(Collection entries)
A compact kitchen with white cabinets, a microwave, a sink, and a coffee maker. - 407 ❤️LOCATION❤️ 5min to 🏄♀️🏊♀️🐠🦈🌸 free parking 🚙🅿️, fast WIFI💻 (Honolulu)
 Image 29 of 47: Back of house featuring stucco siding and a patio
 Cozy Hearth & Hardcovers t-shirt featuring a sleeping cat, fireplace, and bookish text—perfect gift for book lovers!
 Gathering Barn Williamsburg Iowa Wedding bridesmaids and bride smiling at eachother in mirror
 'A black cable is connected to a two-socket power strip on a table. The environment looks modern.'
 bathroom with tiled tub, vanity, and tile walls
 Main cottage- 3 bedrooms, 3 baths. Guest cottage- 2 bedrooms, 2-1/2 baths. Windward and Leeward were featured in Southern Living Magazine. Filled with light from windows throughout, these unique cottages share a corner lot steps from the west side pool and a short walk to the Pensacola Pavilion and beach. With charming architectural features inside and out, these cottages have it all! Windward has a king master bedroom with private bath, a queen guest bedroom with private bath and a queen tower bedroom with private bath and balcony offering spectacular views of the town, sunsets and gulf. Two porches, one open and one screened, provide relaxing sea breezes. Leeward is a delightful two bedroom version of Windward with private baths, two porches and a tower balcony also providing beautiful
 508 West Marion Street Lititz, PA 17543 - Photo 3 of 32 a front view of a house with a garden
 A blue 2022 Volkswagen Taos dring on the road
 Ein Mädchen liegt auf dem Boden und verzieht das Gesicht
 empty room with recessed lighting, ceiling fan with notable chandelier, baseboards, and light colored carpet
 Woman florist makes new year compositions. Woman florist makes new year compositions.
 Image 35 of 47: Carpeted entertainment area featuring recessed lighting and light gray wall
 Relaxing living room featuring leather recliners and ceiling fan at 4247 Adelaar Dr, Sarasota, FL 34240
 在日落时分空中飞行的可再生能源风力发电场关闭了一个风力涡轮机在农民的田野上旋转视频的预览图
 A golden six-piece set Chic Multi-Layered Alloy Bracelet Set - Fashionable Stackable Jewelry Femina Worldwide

• **YOUR INSTRUCTIONS**: Collect every line from the records above that contains the word "recessed".

• **SOLVED EXERCISE**:
 empty room with recessed lighting, ceiling fan with notable chandelier, baseboards, and light colored carpet
 Image 35 of 47: Carpeted entertainment area featuring recessed lighting and light gray wall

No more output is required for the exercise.